Weather—a fact of nature we all live with. The extremes of this past winter are a hot topic from the news to neighborly conversations. But rarely does weather become such a dominating life force as it did for almost a decade from 1931 to 1939 in the southwest plains—the Dust Bowl. In The Worst Hard Time Pulitzer Prize winner Timothy Egan takes us back to a time we think we know and delves so deeply that we come away with a new respect for the people who lived through the “dirty thirties.”

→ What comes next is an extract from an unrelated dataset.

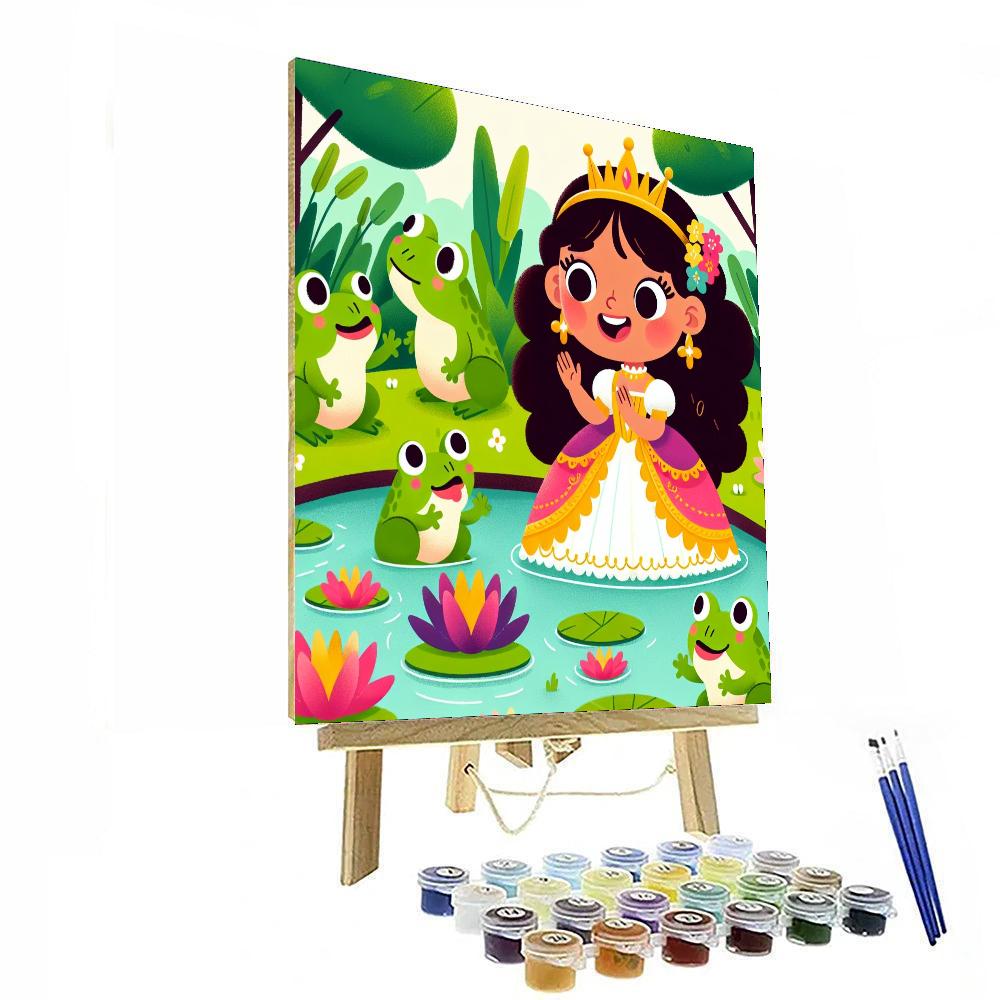 Princess And The Frog Pond Number Painting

He begins with a history of the area that covers the Texas and Oklahoma panhandles, western Colorado and western Kansas. This bowl-shaped area of semi-arid land was first inhabited by Native Americans, who were evicted, and then opened to homesteaders who were convinced by both the government and the railroad companies that this almost dessert could sustain farming. This sad account shows how wrong they were. Government policies, world political events and fool-hearty agricultural practices—all man-made mistakes—came together to face the uncontrolled element: weather.
Egan makes the event personal by tracing the lives of several of the families who endured year after year of dust storms that made day as black as night, lost their children's lives to dust pneumonia, and their crops, animals and land to mountains of grit. His descriptions of the homes filled with dirt, filtering through every crack, makes you realize how much we take cleanliness for granted! And while some despaired, most proudly hung on. With little proof, they thought it had to be better next year.
The Worst Hard Time complements the Ken Burns PBS documentary "The Dust Bowl" which visually captures the era with actual footage and interviews of a time that is still painfully fresh to those who survived. While The Grapes of Wrath recounts the haunting tale of those who left the dust bowl, The Worst Hard Time honors the majority of the people who stayed and endured the wind, the poverty and the hopelessness to emerge with a legacy of survival.